ChIP using antibodies specific for RNA Pol I revealed Pol I in association with the pre-rRNA transcription unit, including the gene promoter region (+1), the 5′ ETS, the 25S coding sequences, and 3′ ETS sequences that are located immediately adjacent to the 25S coding sequences (Fig. 6G). In each of these intervals, Pol I occupancy is increased nearly twofold in hda6 mutants relative to wild-type controls, consistent with the derepression of long rRNA gene variants, which account for approximately one-half of the total rRNA gene pool. Pol I was not detected at substantial levels in the IGS adjacent to the Sal repeats in either wild-type or hda6 mutant plants (Fig. 6G). At the Actin 2 gene, transcribed by Pol II, and at AtSN1 retrotransposons, thought to be transcribed by Pol III, ChIP signals were essentially undetectable using the anti-Pol I antibody.

ChIP performed using an antibody specific for Pol II revealed that, in wild-type plants, Pol II is not detected in association with rRNA genes at levels above background (Fig. 6, cf. H and B). However, in hda6 mutants, Pol II associates with the rRNA genes throughout the coding and noncoding regions (Fig. 6H). Pol II association with AtSN1 retrotransposons also increases in hda6 mutants, unlike the actin gene control.

The ChIP data suggest that the high levels of IGS transcription occurring in hda6 mutants is attributable to the derepression of cryptic Pol II transcription units. This raised the possibility that Pol II, rather than Pol I, might be solely responsible for transcripts that include the indel defining the long and short rRNA gene variants. We tested this possibility using anti-Pol I and anti-Pol II antibodies for ChIP, followed by PCR amplification using amplicon 1 primers. In mature wild-type plants, Pol I is preferentially associated with the short variants (Fig. 6I), consistent with the preferential expression of this variant class (refer to Fig. 1). However, in hda6 mutants (axe1-5), Pol I is associated with both long and short variants, in proportion to their relative abundance (see input chromatin controls). Pol II association with rRNA genes also increases in hda6 mutants (Fig. 6I), indicating that Pol II transcription contributes to the synthesis of RNA in the region that defines the long and short variants. Taken together, the data of Figure 6, G and I, suggest that Pol I transcribes both long and short variants, beginning at the gene promoter and including the polymorphic indel region in the 3′ ETS. Superimposed onto this pattern of expression, spurious Pol II transcription occurs throughout the rRNA genes.

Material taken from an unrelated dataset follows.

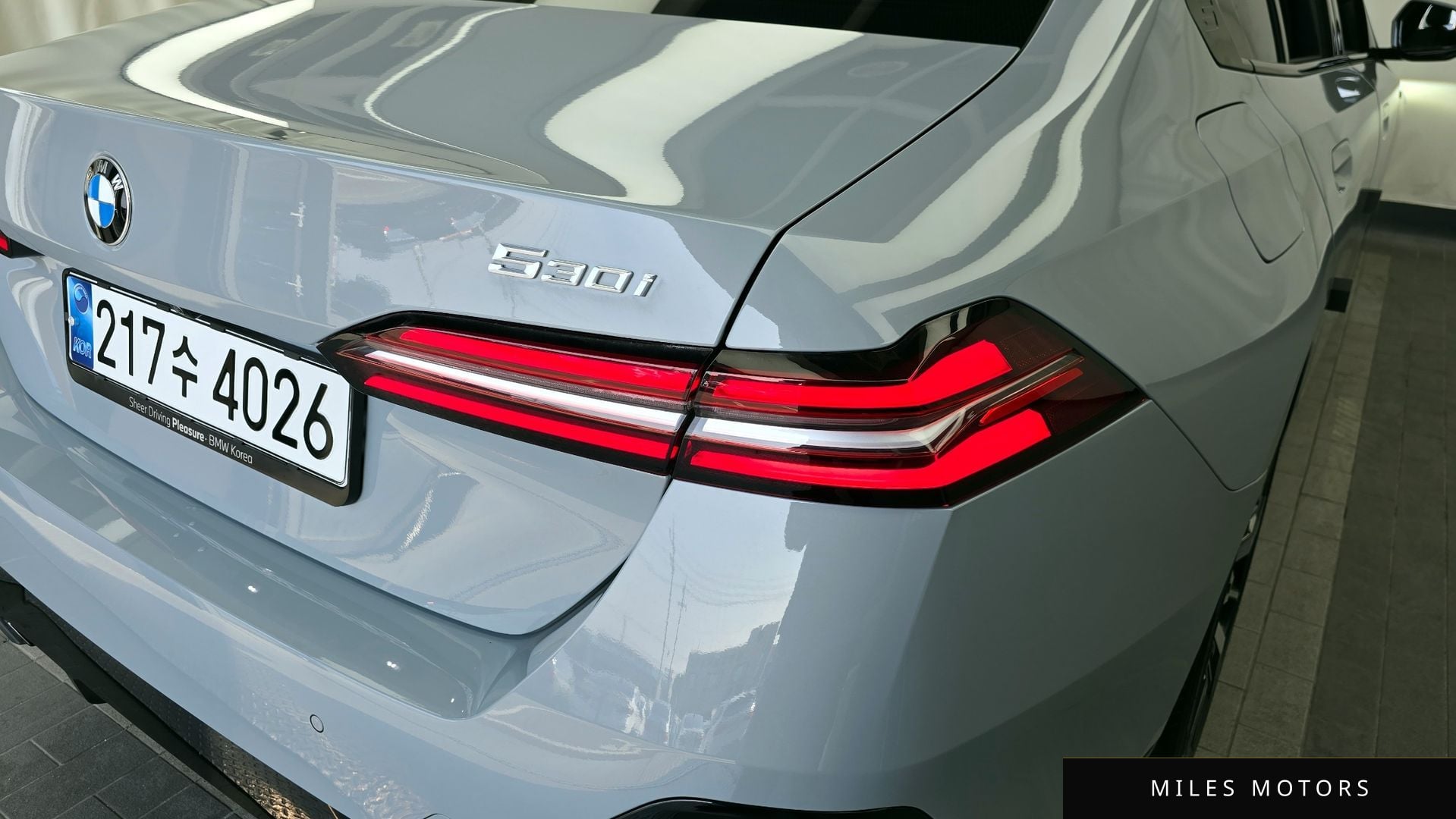 BMW 5 Series (G60) 2024 — миниатюра 9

RNA Pol II is generally not present in the nucleolus of wild-type Arabidopsis nuclei (Fig. 6J, two representative nuclei are shown). The ChIP data showing that Pol II associates with rRNA genes in hda6 mutants prompted us to investigate whether Pol II localization is altered in the mutants. Indeed, Pol II can be observed throughout the nucleolus in many hda6 nuclei (Fig. 6J, top right panel). In other hda6 nuclei, Pol II is not distributed uniformly throughout nucleoli, but is nonetheless present within the internal periphery of the nucleolus (Fig. 6J, bottom right panel). Collectively, the ChIP and cytological evidence independently reveal the role of HDA6 in suppressing Pol II transcription of nucleolar rRNA genes.

Discussion

HDA6 is a key regulator of gene silencing that displays a complex interrelationship with DNA methylation. In the absence of HDA6 activity, symmetrical cytosine methylation is decreased at the same time that asymmetric, siRNA-directed de novo cytosine methylation accumulates. siRNA-directed DNA methylation is typically repressive, but this is not the case in hda6 mutants, suggesting that HDA6 acts downstream from de novo DNA methylation. Conversely, the loss of maintenance methylation in hda6 mutants suggests that HDA6 acts upstream of DNA methylation. These observations can be reduced to two simple models, which need not be mutually exclusive. One model is that HDA6-mediated histone modifications silence rRNA genes directly (Fig. 7A). An alternative model is that HDA6 acts indirectly through maintenance DNA methylation, which may be the critical determinant for gene silencing (Fig. 7B). Several observations support the direct action model. First, rescuing an hda6 mutant with a wild-type HDA6 transgene fully restores developmental silencing of long rRNA gene variants (Fig. 3C). However, CG and CHG maintenance methylation patterns are not fully restored in these lines (Fig. 5), arguing that restoration of HDA6 activity, and not maintenance methylation, is key. Second, the ability to clonally inherit maintenance methylation patterns suggests that loss of these patterns early in development in hda6 mutants might yield a relatively constant molecular phenotype. However, IGS transcripts and siRNAs become more and more abundant in hda6 mutants during early development, indicating that HDA6 activity is needed continuously to suppress their expression (Fig. 7C,D). Last, the fact that de novo methylation occurs in hda6 mutants but cannot bring about silencing fits with the hypothesis that HDA6 is critical for silencing in its own right. Based on these considerations, we favor a model in which HDA6 is critical for suppressing Pol II and Pol I transcription, but DNA methylation plays a reinforcing role, potentially helping recruit HDA6 (Fig. 7E).

Figure 7.

Figure 7.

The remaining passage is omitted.